In this installment of SecurityWeek’s CISO Conversations series, we talk to two veteran security leaders in the technology sector: Brent Conran, Chief Information Security Officer (CISO) at Intel, and Chris Leach, Senior CISO Advisor at Cisco Systems. The purpose, as always in this series, is to understand what makes a successful modern CISO.
The enduring question for many CISOs is where their role fits best in the organizational hierarchy. It’s an important question. Reporting to the CIO or CEO can be problematic because they have different priorities. Reporting to the CFO, Legal or Audit can be problematic because they don’t usually understand the nitty gritty, down-in-the-weeds function of cybersecurity.
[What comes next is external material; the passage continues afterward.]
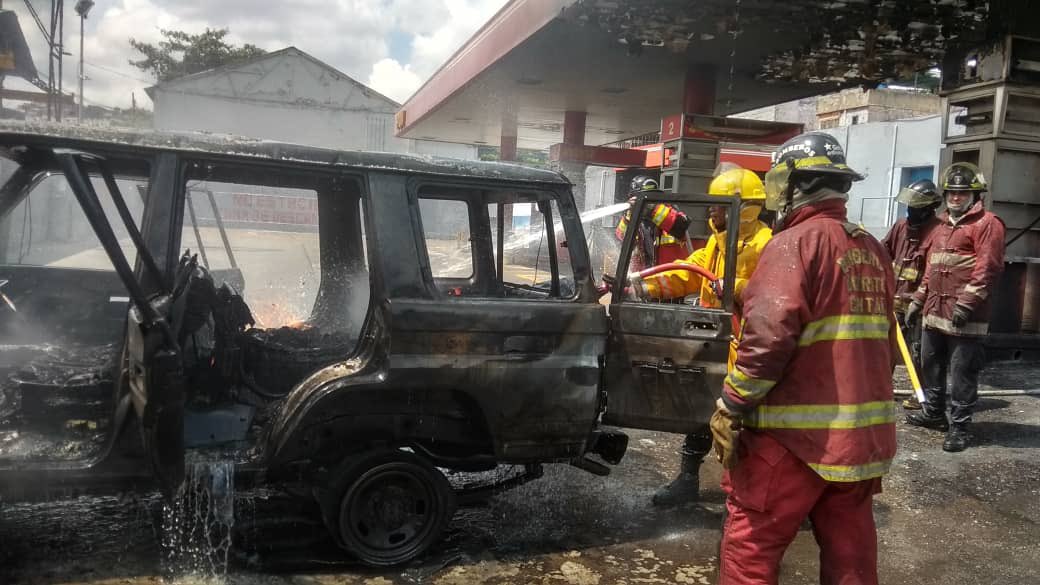 Incendio de Camioneta Jeep en estación de servicio de Catia este domingo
Nearly every CISO has a personal view on the question, usually with some slight variation from others, depending on their own experiences. Brent Conran from Intel has a dramatically different view from most. “Well, I work for myself,” he said. He doesn’t mean it in the normal legal sense. He means it in the psycho-emotional sense. “Once you’ve got that part of the equation figured out – that you’re a going concern in your own right – where you report to doesn’t much matter.”
But he admits it’s a vexed question. He’s been attending the RSAC Executive Security Action Forum each year for the last ten years. “They’ve asked that question every year. Ten years ago, 95% of CISOs reported to the CIO. Today, it’s probably about 55%, with the rest reporting to a range of offices.”
He thinks the solution depends upon a range of factors: the industry you’re in, what you want to achieve as a CISO, the relationships you have. “If you have a good relationship with the CIO, there’s often a lot of benefit in reporting to the CIO. But if you need a lot of independence to do what’s necessary as a CISO, then maybe you shouldn’t report to the CIO.”
Cisco’s Chris Leach is in broad agreement. “When I first started as a CISO, some 20 years ago, I reported to the CIO – and that made sense. But as the CISO role and accountability have evolved, so the reporting structure needs to change as well. Whoever controls the security budget controls the security – and the CIO has different priorities.” CIOs want smooth computing; CISOs want secure computing – and the two concepts are not always fully compatible.
But that leaves a problem, because other officers tend not to have a close understanding of security. “The best reporting relationship I’ve had has been with a COO. The worst was with a CFO – I don’t think CFOs really understand the issues. But in both cases, it was ultimately down to the personal relationships. I don’t think there’s an ideal place until you understand the individuals and the company concerned. But I can tell you this,” he added: “you should never report solely to a CIO. Maybe dual-reporting with somebody else.”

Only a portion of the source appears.